Mr. Stevens to Mr. Evarts.

No. 43.]

Sir: The Swedish Diet, which has been in session since the 18th of January, will close its labors to-morrow. Outside of its customary routine proceedings, its chief deliberations and measures adopted have had their origin, directly or indirectly, in the commercial depression which reached Sweden later than most European countries, and has more seriously affected its business the past ten months, than at any other preceding portion of the crisis which has more or less touched all nations. The increase of the customs duties and excise tax, the details of which I have given in dispatch 42, had its chief cause in the lessened receipts of the government on the former scale of taxation, the result of the business and financial depression.
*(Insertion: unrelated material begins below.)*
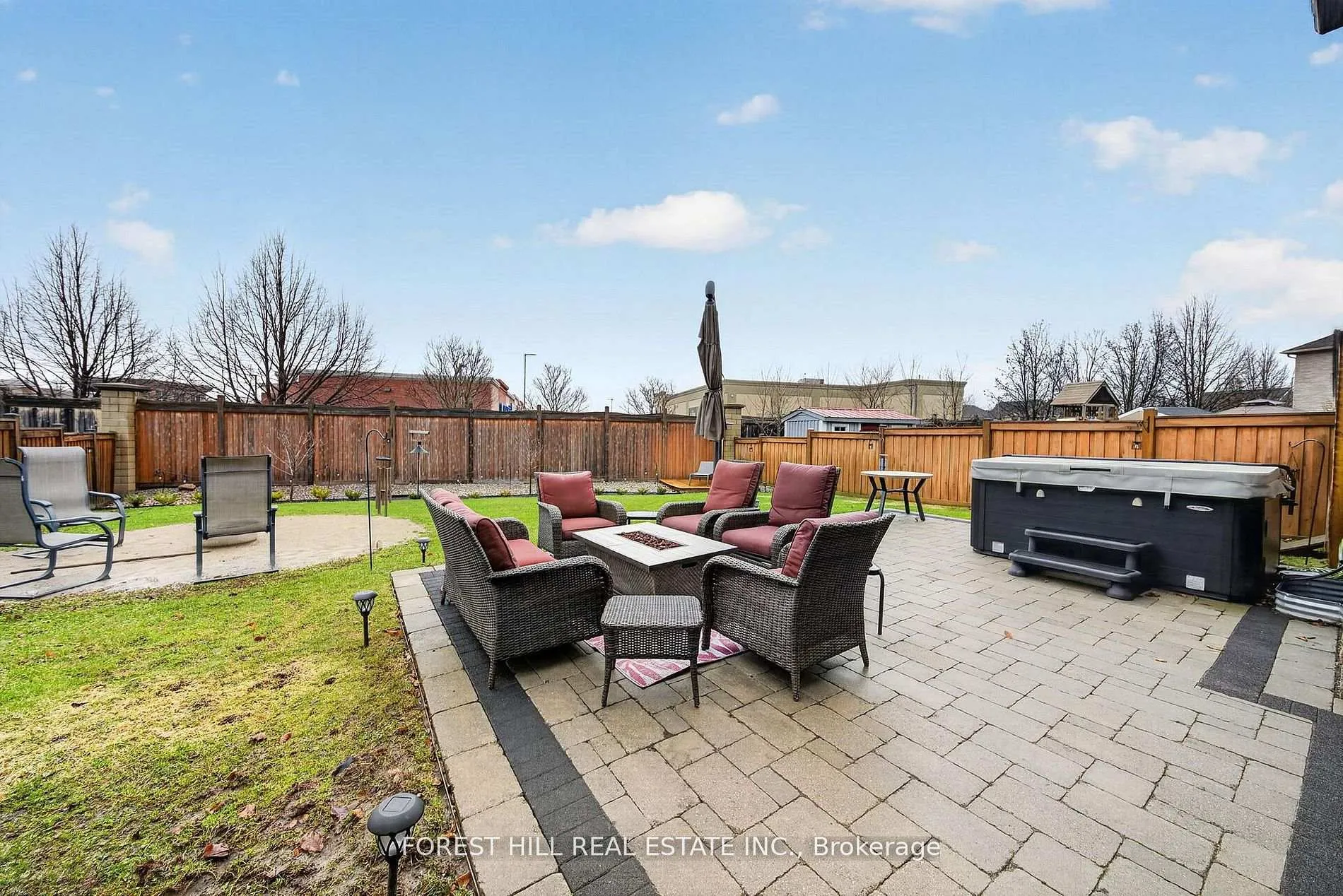 Photo 35 of 18 Dresden Court, Georgina, Keswick North — HOMEH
The most important measure adopted by the Diet grew, in a large degree, out of the same cause. I refer to the enactment of a loan bill, authorizing the government to issue its bonds to the amount of 23,000,000 kronors, for the purpose of assisting the private banks and railroads of the country. It has voted also to allow the government to make a right-out purchase of one line of railway which is in an embarrassed condition, at the cost of 4,000,000 kronors, which will be paid partly from the revenue of a railroad loan granted at a previous session of the [Page 960] Diet, and partly by a loan for the special purpose of covering the purchase cost of this railway. The government in preceding years, beginning in 1855, had granted to railways cash to the extent of more than 190,000,000 kronors, and is the present owner of nearly one-half of the railway property of the country, including nearly all the main or trunk lines.

The banks and the railway associations to which the government is to advance the proceeds of the 23,000,000 loan just authorized, are to give satisfactory mortgages of completed railways in operation or other property which shall be regarded absolute security for the money advanced. Not unlikely the larger portion of the railway property thus mortgaged will sooner or later become the absolute property of the government.

This loan bill was under consideration for a considerable time in the Diet, and was fully discussed in both houses. It was adopted in the first chamber at the first trial by a large majority, and was refused passage in the second chamber by a small majority.

This would have been fatal to the measure in most parliamentary bodies. But there is a provision in the Swedish constitution relating to taking the vote in the two houses of the Diet, in case of disagreement on first trial, somewhat peculiar, to which there is nothing similar in American Congressional and legislative organizations.

In the contingency that a measure is voted affirmatively in one chamber of the Diet and negatively in the other chamber, a day is appointed when the two chambers vote again, and then the affirmative votes of the two houses are added together, and also the negative votes of the two houses, and if the united affirmative vote is one more than the united negative vote, the measure is adopted; if the combined negative vote is one more than the combined affirmative vote, the measure is defeated, and cannot be taken up again during the session.

It was by the application of this provision of the constitution that the branch of the Diet most conservative in its composition and character secured the passage of this important financial measure, which a majority of the lower chamber had rejected after much deliberation and discussion.

Judging by the prevailing tone of the Swedish press, the measure is well received by the business and financial men of the country. The bill provides for a five per cent. loan, which will be promptly taken at par in France, England, and Germany.